A range of mobile code systems have been constructed to improve performance or support mobility. These systems typically have focused on environments where the need for resource management is less severe than for the applications and environment we target. In particular Rover  and Odyssey  provide mobile code for mobility, but published studies of these systems have focused on environments with small numbers of installed services rather than the emerging WWW service access model in which users access of different services per day.
Commercial content distribution networks are beginning to offer clients the ability to execute code at content distribution nodes using interfaces such as ICAP . Resource management is simplified in this case by the existence of a contractual relationship between code supplier and resource supplier, which both limits the range of behavior that the ``untrusted'' code may exhibit and which allows the administrator of the system to explicitly specify what fraction of resources should be guaranteed to each service. We speculate that as ICAP scales to large numbers of locations and services, the need for system support for resource management will increase.
Our work shares many goals with market-based resource management system investigated in the D'Agents project . Both systems seek to develop scalable infrastructure to support large collections of untrusted code. Whereas our policy uses an economics analogy to form the basis of a simple policy, the D'Agents project is developing a more flexible resource market approach. Also, we focus on understanding and meeting the requirements of web service workloads rather than supporting a more general agent-based computational infrastructure.

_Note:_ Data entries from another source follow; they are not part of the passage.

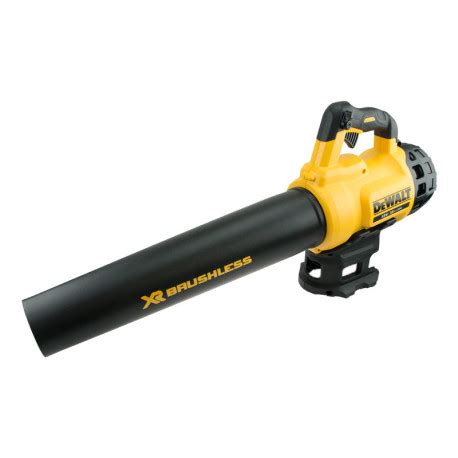 Souffleur Sans Fil Dewalt V Li Ion Machine Nue Dcm Pb Firm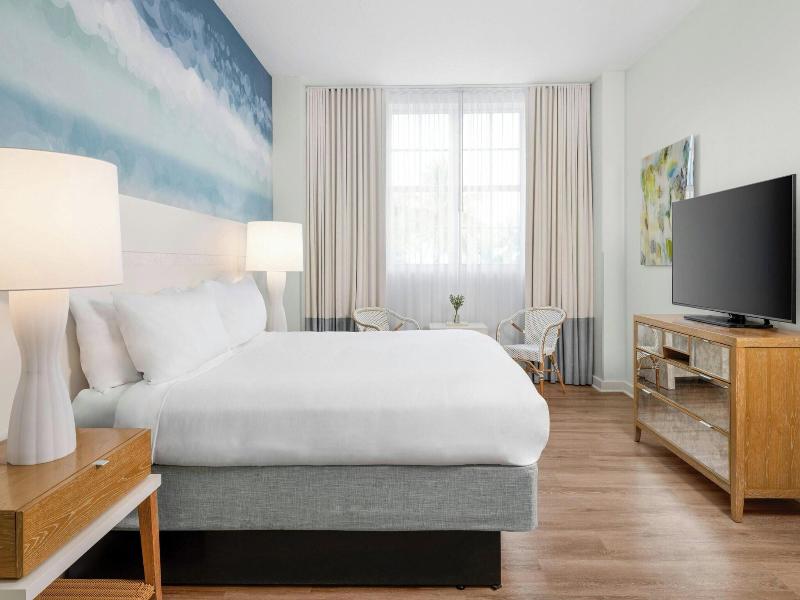 Marriott Vacation Club Pulse, South Beach image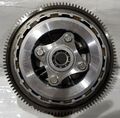 frizione completa triumph bonneville scrambler Clutch Assembly T1179094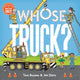 Book cover of: Whose Truck?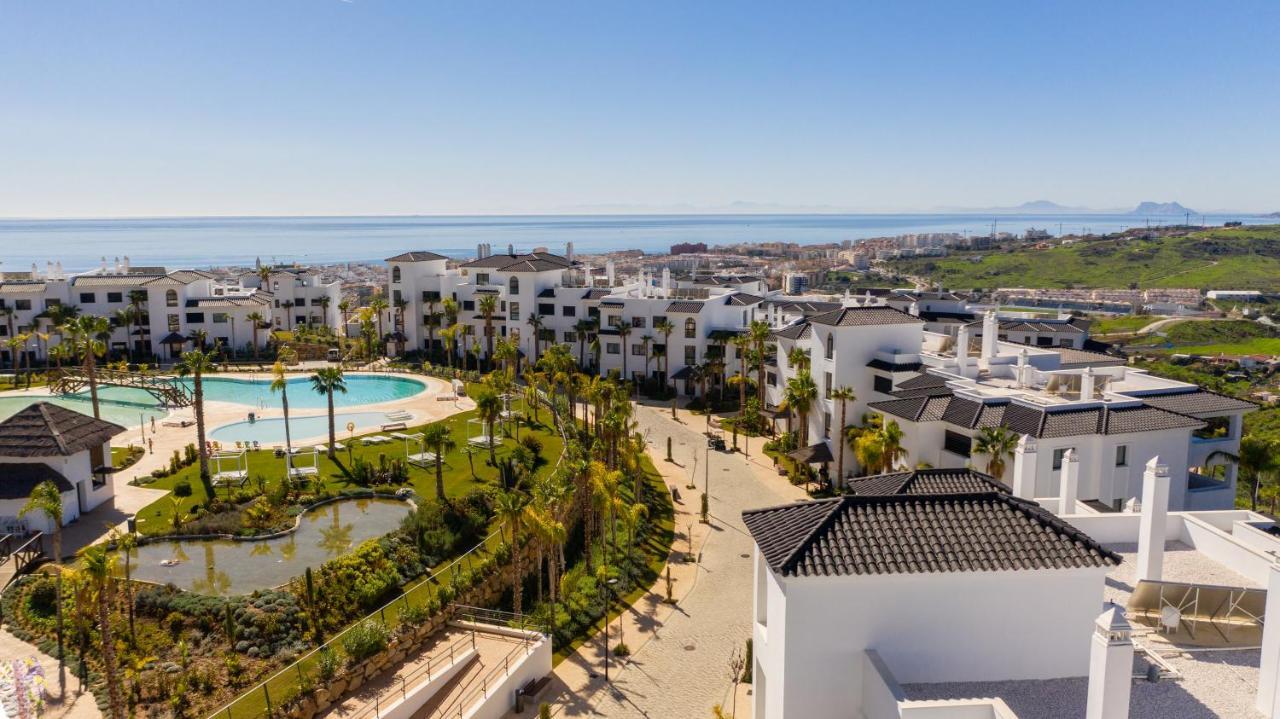 Estepona Holiday Hills Exterior foto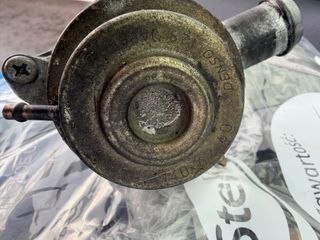 Válvula EGR Mercedes C180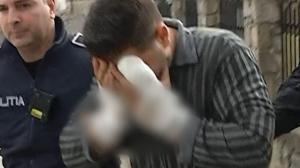 Sorin, tatăl măcelărit cu maceta la petrecerea din Padina, va fi înmormântat mâine. Arma crimei este în continuare căutată de polițiști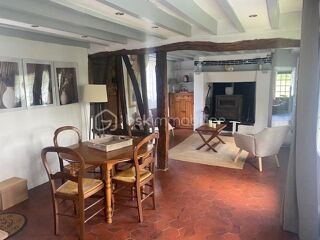  Maison à vendre 5 pièces 115 m²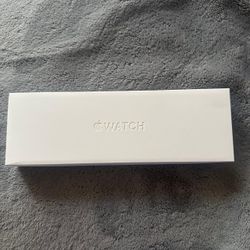 Apple Watch Series 10 New 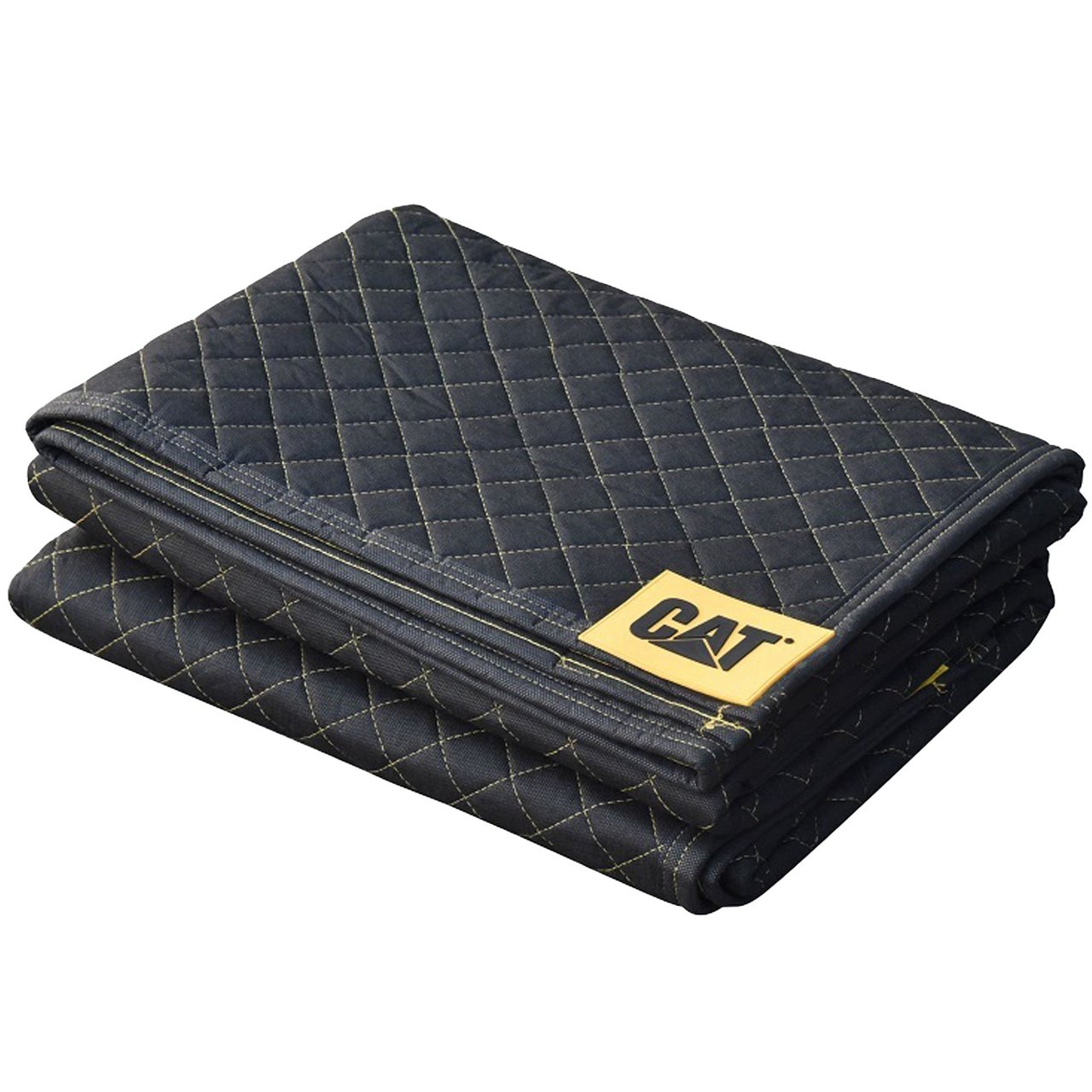 CAT Utility Blanket 72" x 80" 2-Pack - Image 1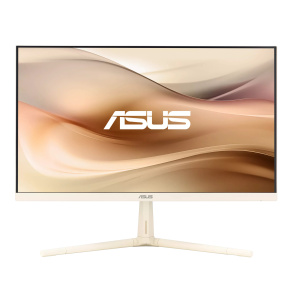 ASUS/VU279CFE-M/27''/IPS/FHD/100Hz/1ms/Oat Milk/3R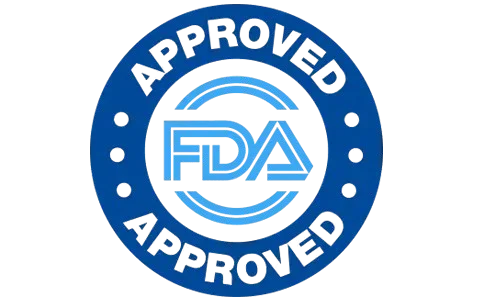 HearBetter       Manufactured in FDA Registered Facility – Safety & Quality Compliance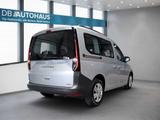 Volkswagen Caddy Kombi 2.0 TDI 4MOTION Standhz Navi PDC - scheckheftgepflegte VW Caddy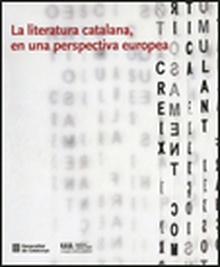 literatura catalana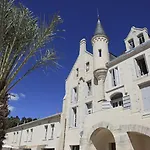 Hotel Chateau Les Carrasses 4*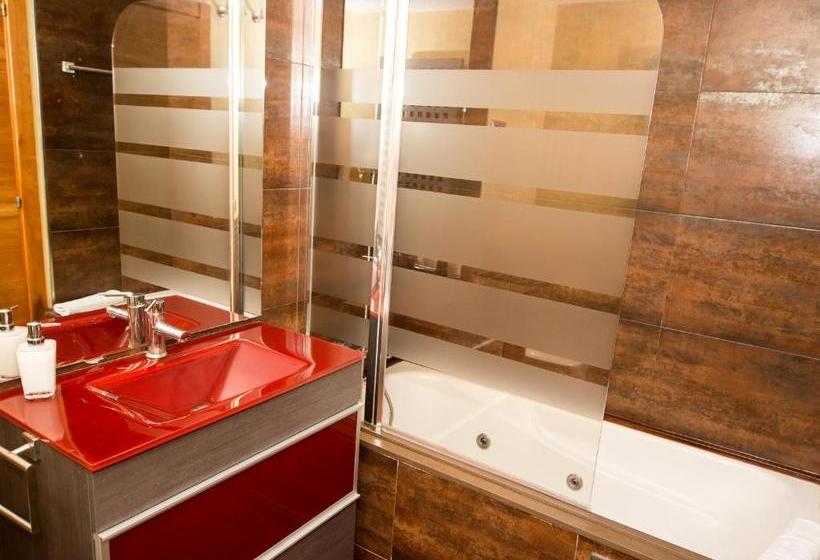 호텔 Sealand Sitges Apartments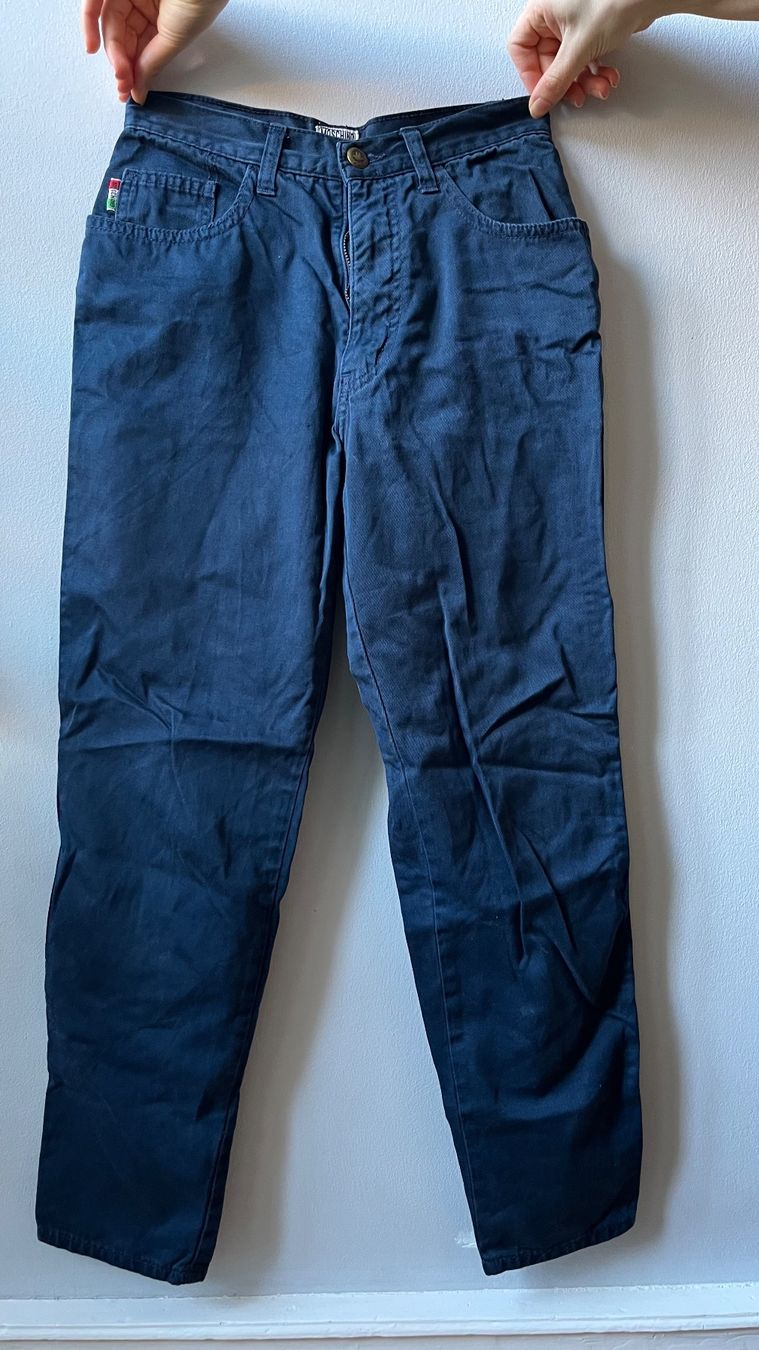 Moschino Pantaloni: Moschino Jeans (XS) – Usato da Gelterkinden venduto da lirithp 1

A number of economics-based strategies have been proposed for distributing resources among competing applications in large distributed systems [4,24]. These systems target more general network topologies than ours and they use secure electronic currency to ration resources.
Adaptive research scheduling is an active research area. However, most proposed approaches are designed for benign environments where applications can be trusted to inform the system of their needs [15,20] or can be monitored for progress [10,27]. We treat applications as untrustworthy black boxes and allocate resources based on inferred value from the user rather than stated demand from the applications. The former approach can be more precise and can get better performance in benign environments, but the latter provides safety in environments with aggressive extensions. Noble et. al  emphasize agility, the speed at which applications and allocations respond to changing resource conditions, as a metric of dynamic resource schedulers. We argue that for stateful resources such as memory and disk, agility should be restrained to match the rate at which the resource may usefully be transferred between applications.